Short descriptive text snippets:
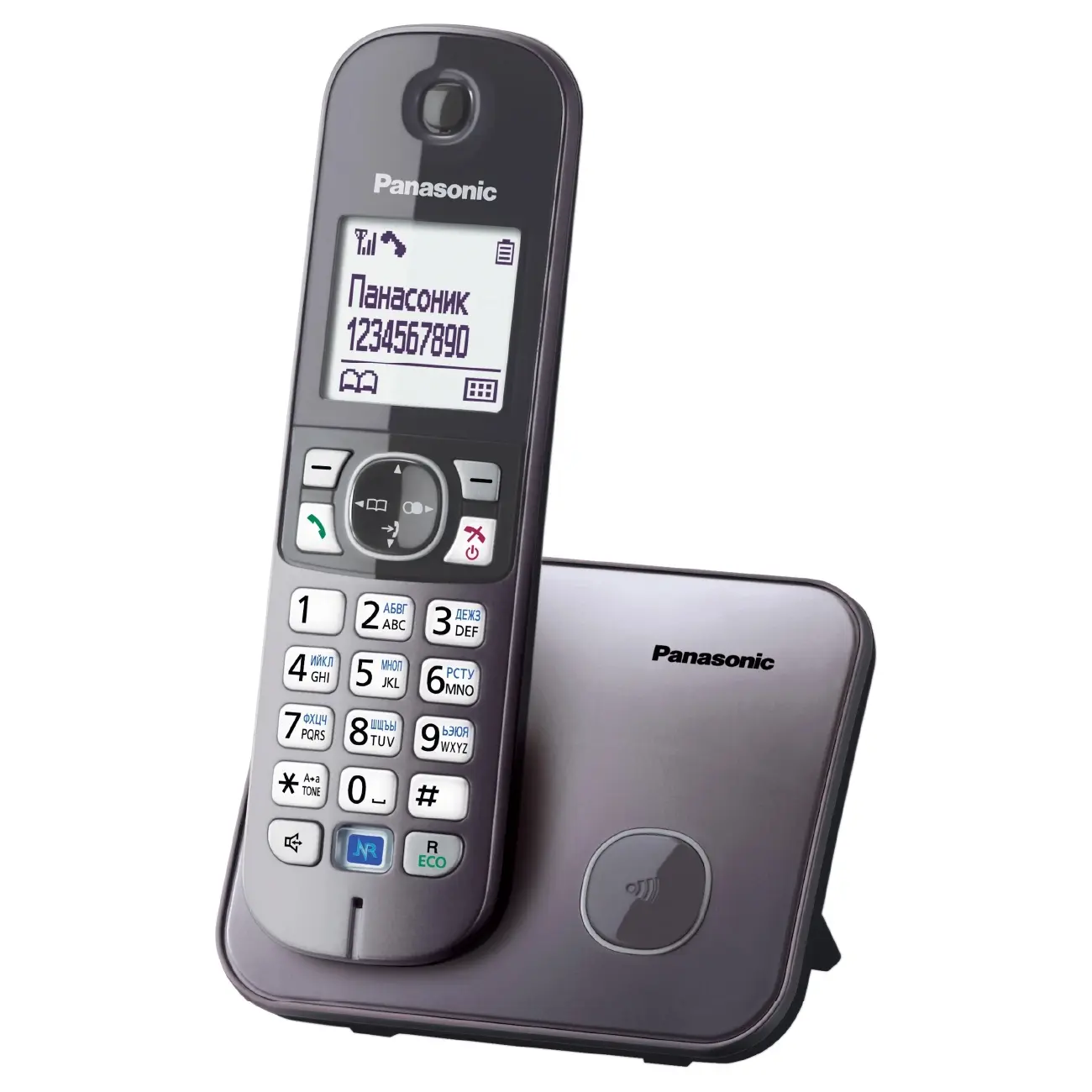 Радиотелефон Panasonic DECT KX-TG6811UAB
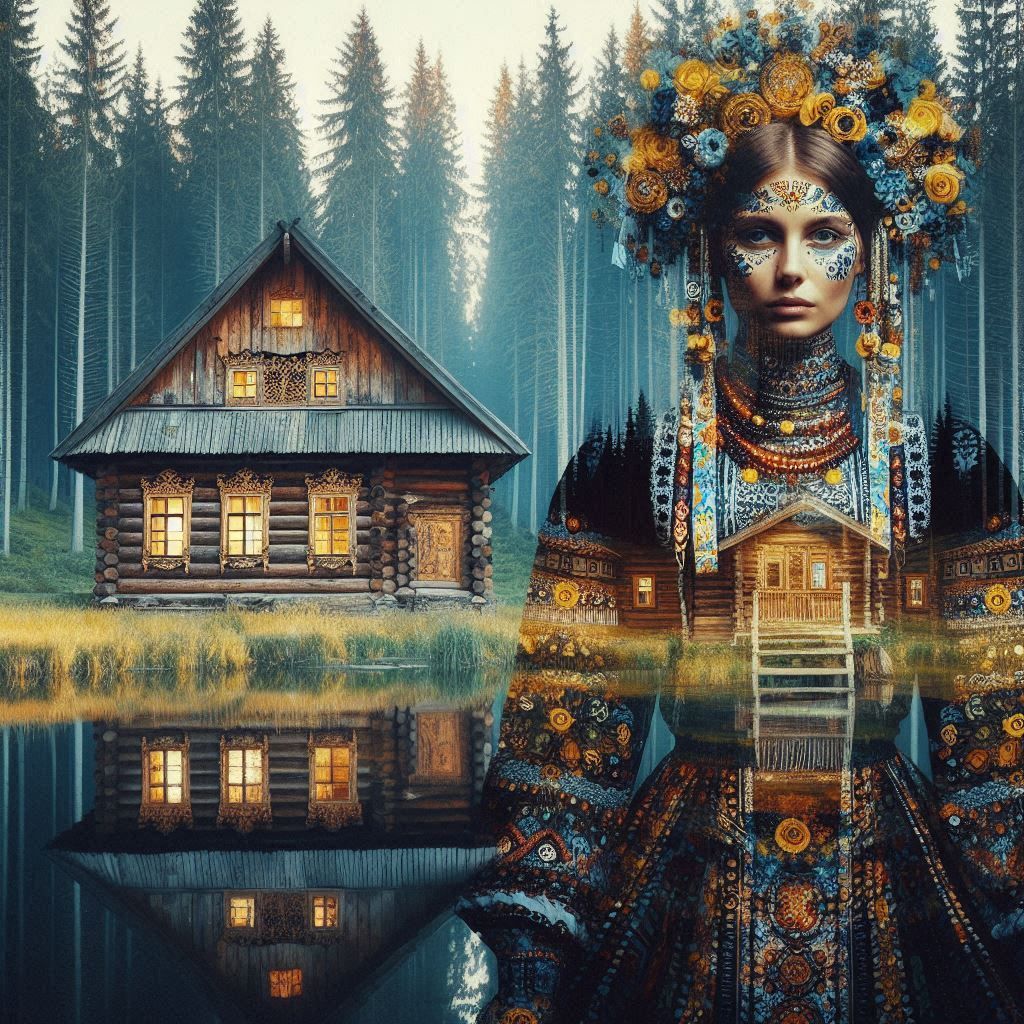 Memories of the girl from the house by the lake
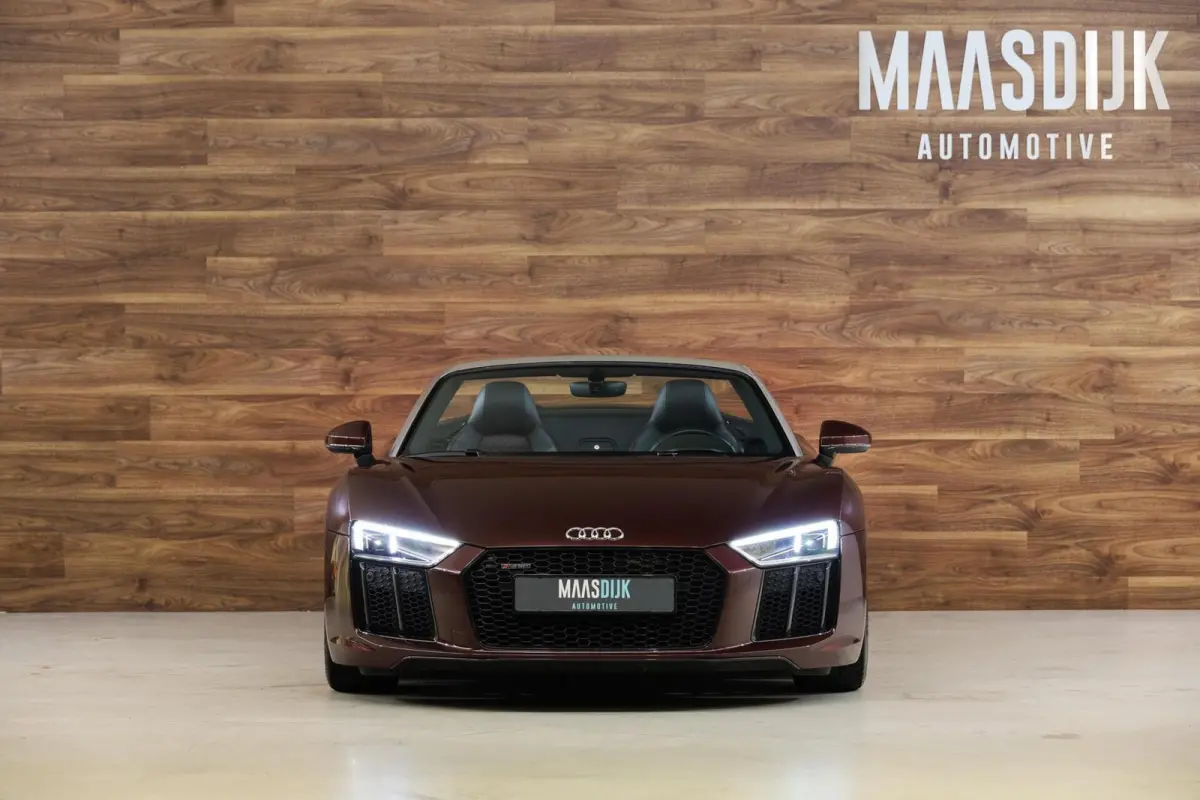 5.2 V10 FSI Quattro+|Ceramic|Full Carbon|Exclusive|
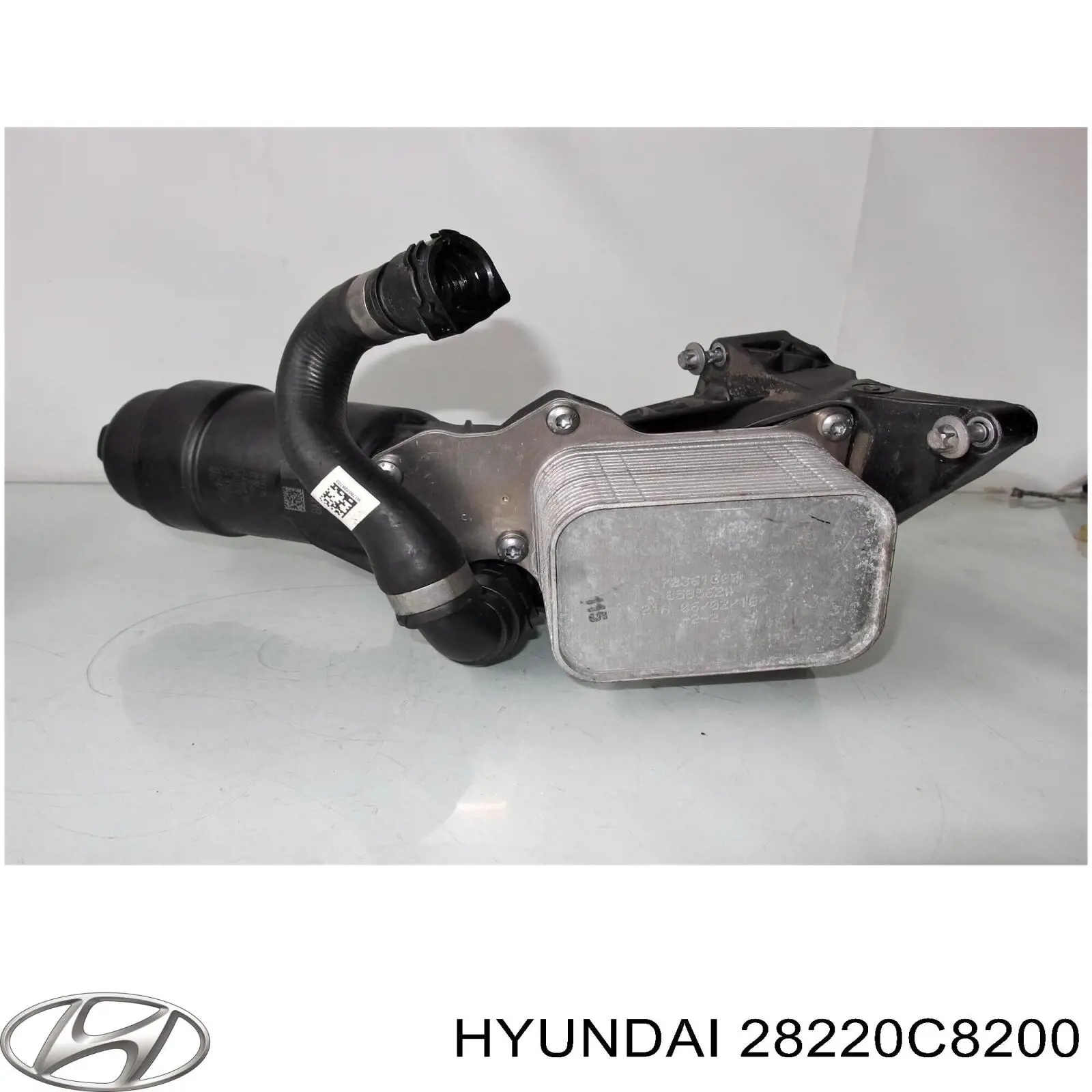 Купить 28220C8200 Hyundai/Kia 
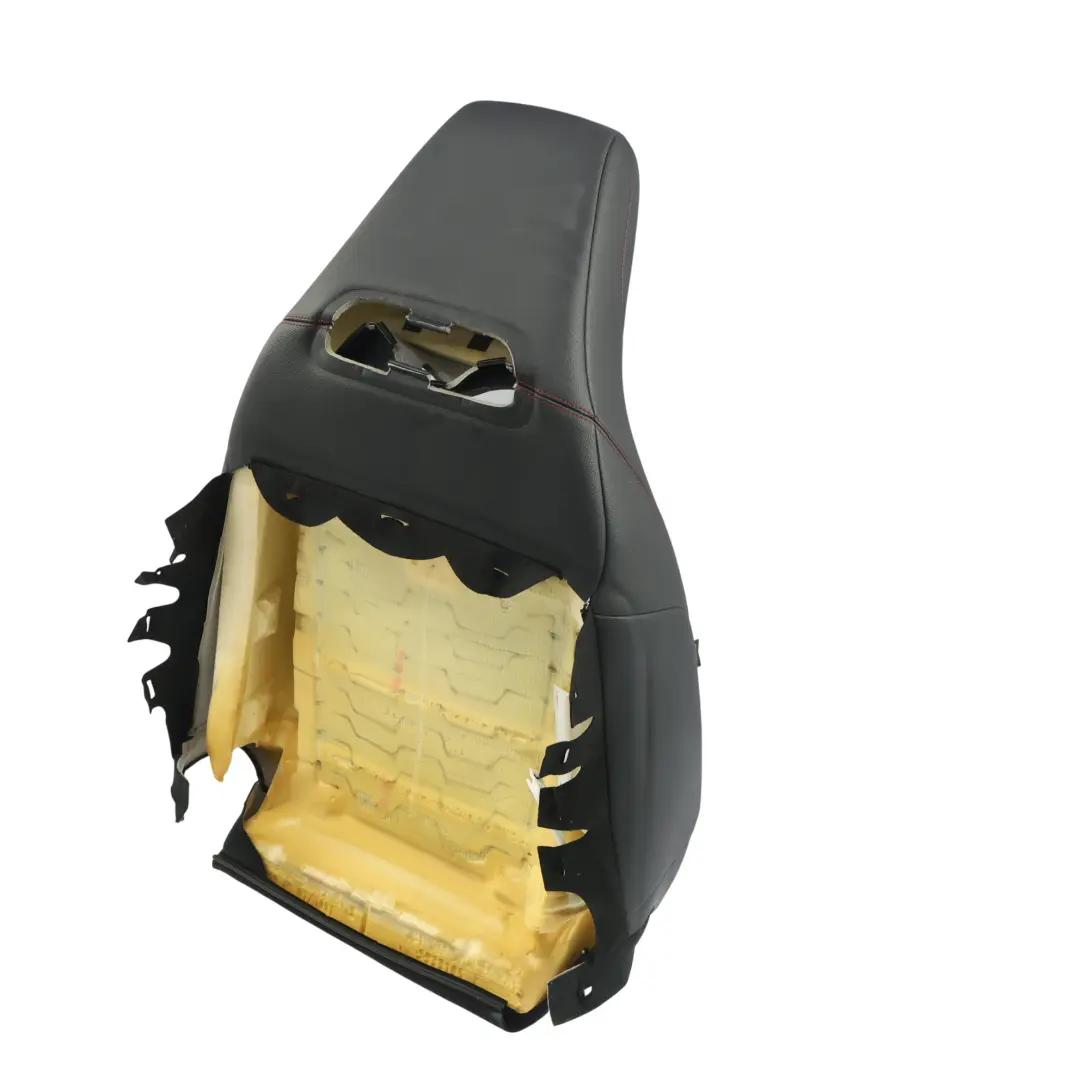 Mercedes W176 Schienale Sedile Anteriore Riscaldato Destro Tessuto Similpelle - SKU A1769106407-4 - Numero di parte A1769106407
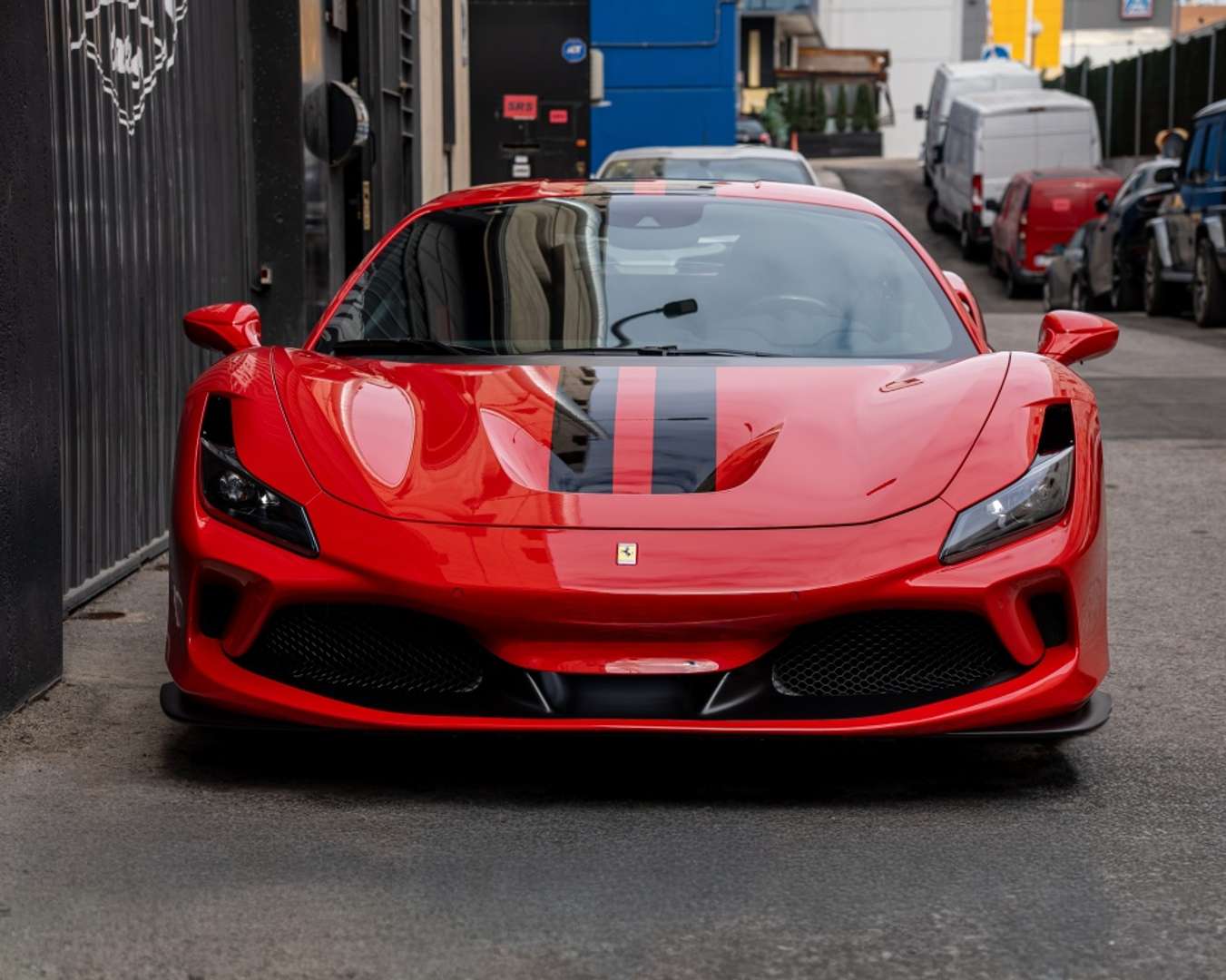 Ferrari F8 Tributo - 2021 - Joinsteer - #3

• _WHAT TO PRODUCE_:
Each record above needs to be copied exactly, with images left out.

• _RESULT FOR THIS EXERCISE_:
 Радиотелефон Panasonic DECT KX-TG6811UAB
 Memories of the girl from the house by the lake
 5.2 V10 FSI Quattro+|Ceramic|Full Carbon|Exclusive|
 Купить 28220C8200 Hyundai/Kia 
 Mercedes W176 Schienale Sedile Anteriore Riscaldato Destro Tessuto Similpelle - SKU A1769106407-4 - Numero di parte A1769106407
 Ferrari F8 Tributo - 2021 - Joinsteer - #3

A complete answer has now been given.